Koltay T. (2020). Data literacy in academia: Basics and pedagogical view. Opus et Educatio 6 (4). 

Learning objectives
  • Familiar with FAIR principles;
  • Aware of what data management and a data management plan (DMP) contain
  • Familiar with the content elements that make up a DMP;
  • Able to answer the DMP questions which are listed at the end of this chapter and adapt them to your own DMP.
What is RDM? 

Research data management (RDM) refers to how you handle, organise, and structure your research data throughout the research process.

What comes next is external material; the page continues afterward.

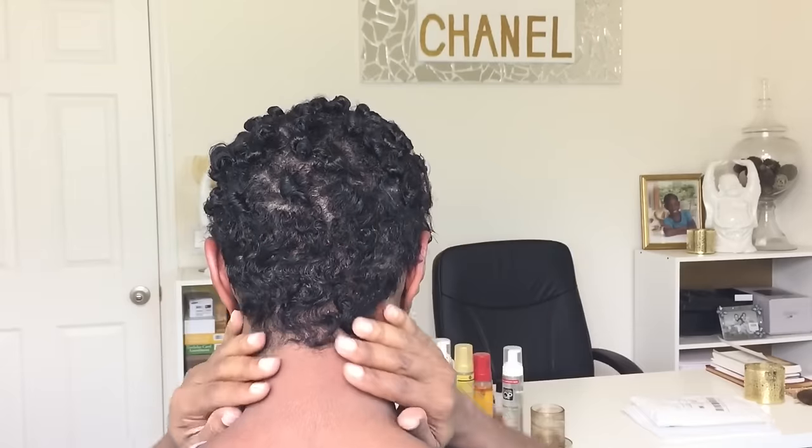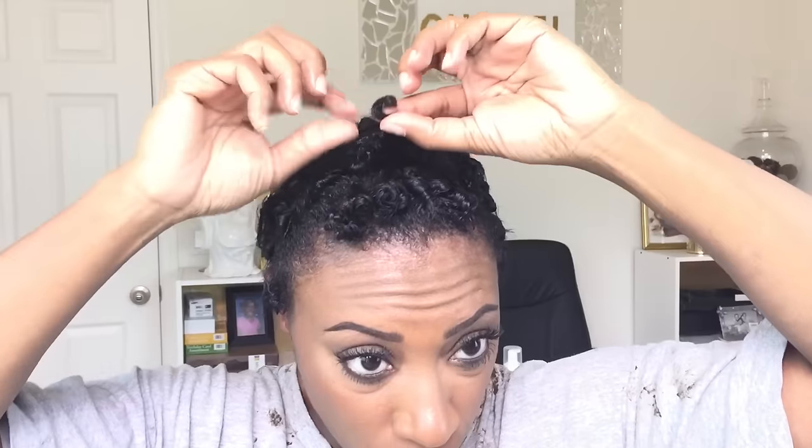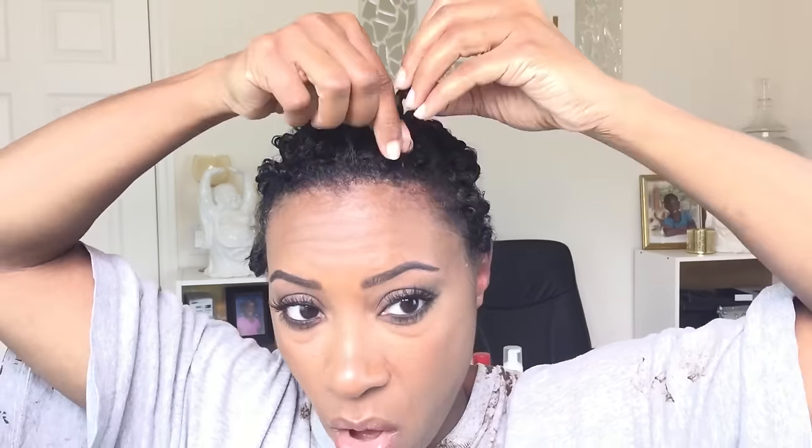All the perm rods are out. All I did with the back was put some wrapping foam and wave it with my comb. Now what you want to do is take the curls and gently separate them. I'm taking my finger, putting it through, and gently pulling — just that much. I'm going to do that all over. You're just kind of separating them so that they'll all blend together.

Data management: 

  1. Defining criteria for data collection; 
  2. Includes measures for maintaining the integrity of the data; 
  3. Providing detailed and structured documentation to be able to share your data with other colleagues and prepare them for longterm availability. 

 
FAIR vs. Open Data
What is open research data?

Open research data is data that can be freely accessed, reused, remixed and redistributed, for academic research and teaching purposes and beyond. Ideally, open data have no restrictions on reuse or redistribution, and are appropriately licensed as such. In exceptional cases, e.g. to protect the identity of human subjects, special or limited restrictions of access are set. Openly sharing data exposes it to inspection, forming the basis for research verification and reproducibility, and opens up a pathway to wider collaboration. At most, open data may be subject to the requirement to attribute and sharealike (Open Data Handbook).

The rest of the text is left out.